I saw the obituaries yesterday, but I'd skipped blogging Rod Taylor's death, even though I love the movie "The Birds."
I don't think of him as being iconic in any scene in "The Birds" though. He was just continually around for Tippi and Suzanne to bounce off of. And Veronica and Jessica. That's a woman movie.
The man is only there because you've got to have a man somewhere, like to put a table in front of the fireplace when birds take it into their heads to come down the chimney.
The table-in-front-of-the-fireplace is perhaps the 20th image you'd think of from "The Birds."
Camille Paglia has a book about "The Birds." Too bad it's not on Kindle, but at least Amazon has a "look inside" function for it, so it's possible to see the extent to which she saw Rod Taylor as important. I searched for "Taylor," and got 6 hits, excluding the index, and 2 of them aren't Rod Taylor — they're Elizabeth Taylor. Elizabeth Taylor is, of course, not in "The Birds." The remaining 4 mentions are minimal, with the only substantive statement being: "Taylor is all male, with a bluff Australian heartiness that doesn't qu...."
I actually have this book and have read it, but I can't find it, so I have to go on memory and what Amazon gives me before clipping it short. (A bluff Australian heartiness that doesn't quite... what?!) But I think it's fair to say that Taylor is in "The Birds" to be the hunk of masculinity for the actresses to play against.
There's also "The Time Machine":
I've seen the movie. It's much worse than that poster, but that's a great poster.
I need to get back to my "tidying up" project.
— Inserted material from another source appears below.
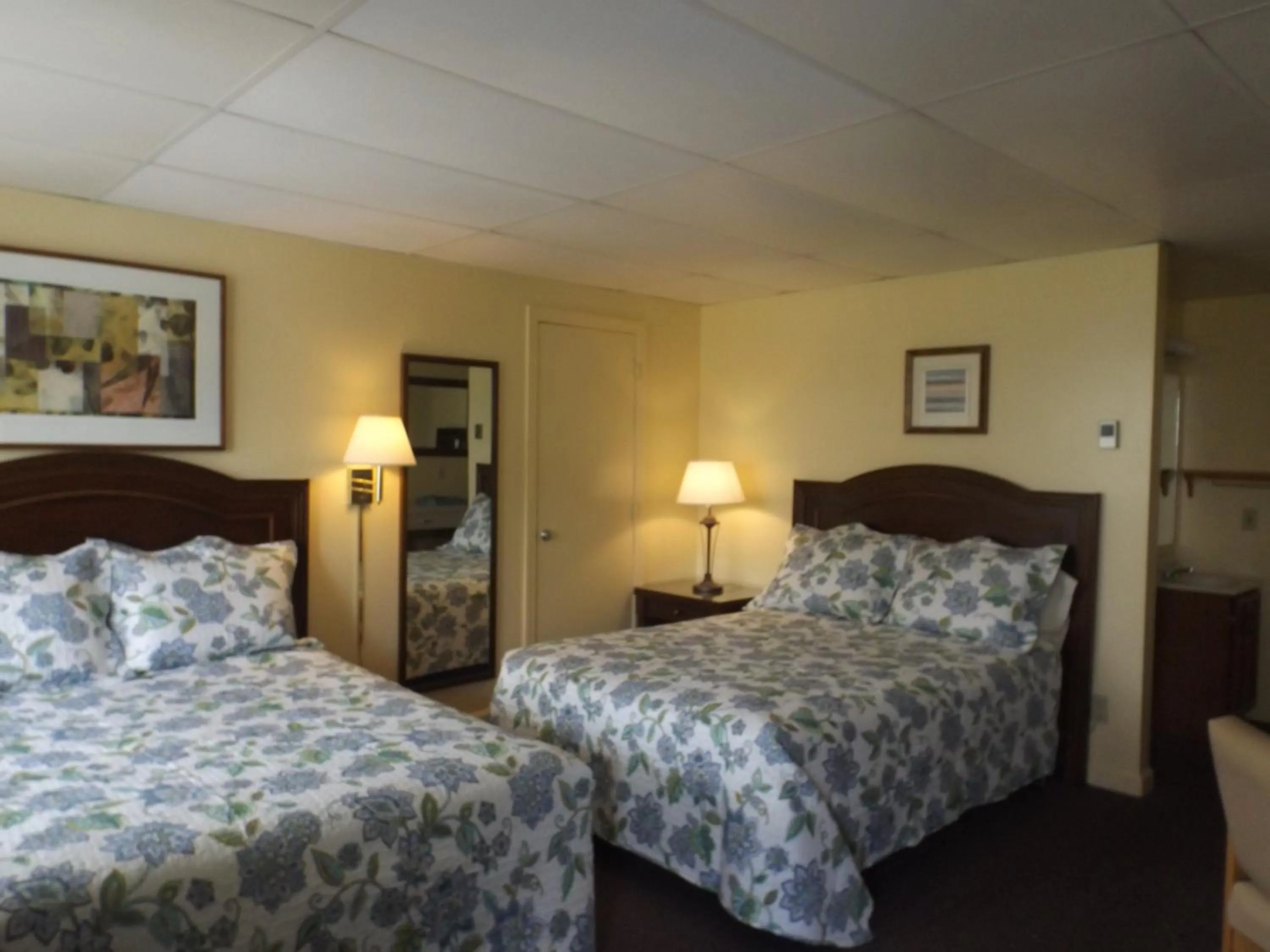 Bedroom, Bed in Footbridge North Hotel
If I'd only gotten through the book stage — which comes second, right after clothing — I would have easily found Camille Paglia's "The Birds," assuming it passed the "spark of joy" test:
"The criterion [for books] is, of course, whether or not it gives you a thrill of pleasure when you touch it. Remember, I said when you touch it. Make sure you don’t start reading it. Reading clouds your judgment. Instead of asking yourself what you feel, you’ll start asking whether you need that book or not. Imagine what it would be like to have a bookshelf filled only with books that you really love. Isn’t that image spellbinding? For someone who loves books, what greater happiness could there be?"